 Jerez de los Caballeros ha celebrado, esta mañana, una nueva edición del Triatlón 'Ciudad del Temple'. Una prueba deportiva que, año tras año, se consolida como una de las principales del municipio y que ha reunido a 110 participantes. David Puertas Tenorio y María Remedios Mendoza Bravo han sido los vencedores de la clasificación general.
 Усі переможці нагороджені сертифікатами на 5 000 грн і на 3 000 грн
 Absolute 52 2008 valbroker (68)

...

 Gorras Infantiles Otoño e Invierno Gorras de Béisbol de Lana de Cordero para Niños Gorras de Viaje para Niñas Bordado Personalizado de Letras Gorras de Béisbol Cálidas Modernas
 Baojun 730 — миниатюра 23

---

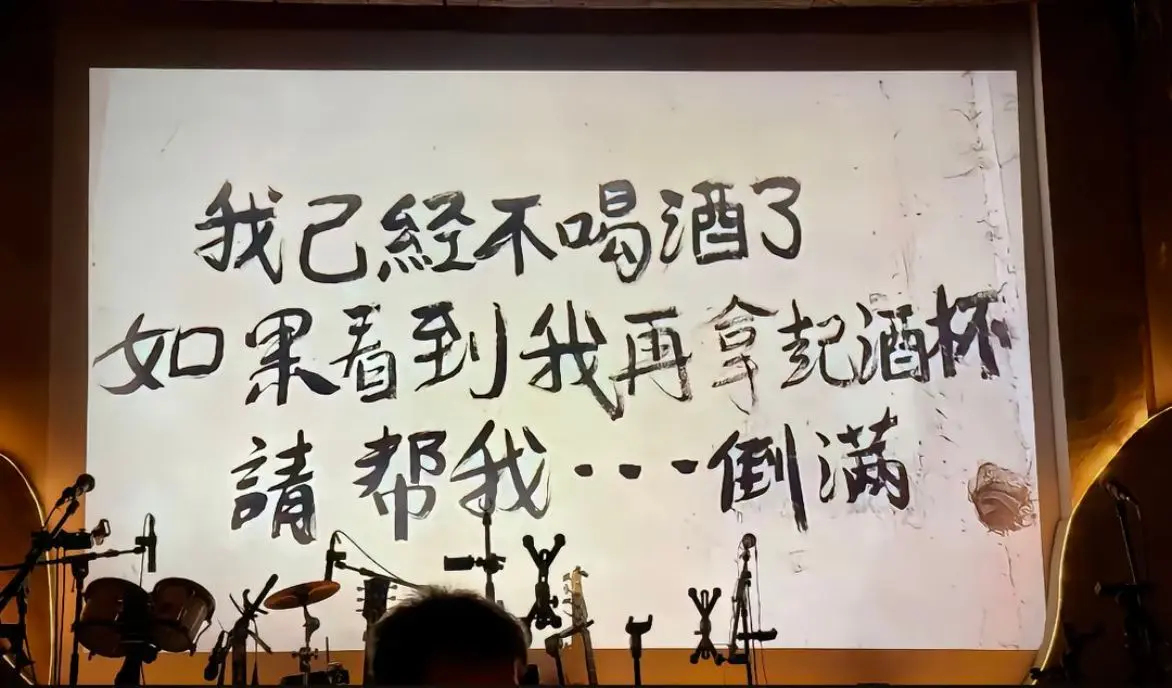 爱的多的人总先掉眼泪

» EXERCISE GOAL:
Among the entries above, find the line with "Jerez de los" and the line with "Absolute 52 2008 valbroker (68)"; give again exactly these two lines and all lines between them.

» ANSWER BOX:
 Jerez de los Caballeros ha celebrado, esta mañana, una nueva edición del Triatlón 'Ciudad del Temple'. Una prueba deportiva que, año tras año, se consolida como una de las principales del municipio y que ha reunido a 110 participantes. David Puertas Tenorio y María Remedios Mendoza Bravo han sido los vencedores de la clasificación general.
 Усі переможці нагороджені сертифікатами на 5 000 грн і на 3 000 грн
 Absolute 52 2008 valbroker (68)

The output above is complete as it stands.